President Barack Obama hit Republicans last week for suggesting the U.S. should favor Christian refugees over Muslims:

…[W]hen I hear political leaders suggesting that there would be a religious test for which a person who’s fleeing from a war-torn country is admitted, when some of those folks themselves come from families who benefitted from protection when they were fleeing political persecution — that’s shameful. That’s not American. That’s not who we are. We don’t have religious tests to our compassion.

But there are very good reasons to apply a religious test to Syrian refugees. The first is that some religious groups–Yazidis and Christian Arabs in particular–have been singled out for slaughter, slavery, and expulsion. Unlike Sunni and Shia Muslims, who theoretically have support from neighboring states, the Yazidis and Christians have no one to save them and nowhere to go.

As others have pointed out, U.S. law already asks applicants to prove they are victims of religious persecution. The appropriate solution for other people fleeing war-torn countries is to provide temporary shelter and humanitarian relief until the war is over.

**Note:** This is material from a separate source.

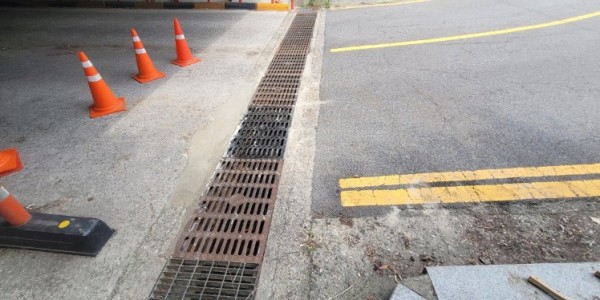 2. 용인특례시 수지레스피아 입구 통로박스 구간의 금속성 소음 발생 원인인 배수로 덮개 부분을 보수했다.jpg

The left has resorted to comparing the Syrian refugees to Jewish refugees fleeing Europe before the Holocaust. (I have debunked that analogy elsewhere.) But saving the Jews of Europe would have required applying a religious test. Jews alone were singled out for extermination. If the U.S. had agreed simply to accept a general group of refugees from Europe, including but not prioritizing Jews, that would have meant saving fewer Jews, by definition. (In fact, after the war, the U.S. prioritized Jewish refugees.)

Obama chose the term “religious test” because it comes from the Constitution, which prohibits a religious test for public office. But the Constitution does not prohibit a religious test for refugees–and, indeed, without it our policy would be less compassionate.

In the present crisis, we can and should prioritize Christian and Yazidi refugees, as well as Iraqis of all faiths who helped the U.S. during the war, whom the Obama administration shamefully abandoned. We could also admit Muslim refugees who can show that they qualify for that status due to religious persecution, and perhaps for other compelling reasons.

But simply to commit to taking in tens of thousands of people–more, once their families become eligible to immigrate–is a dubious policy, especially when the international community has done next to nothing to stop the war that remains the root cause of the ongoing Syrian exodus. The fact that terrorist organizations have clearly learned to take advantage of the refugee exodus is another reason to reconsider.

A religious test for refugees is not bigotry–and saying so merely poisons public debate, as President Obama, sadly, does so often.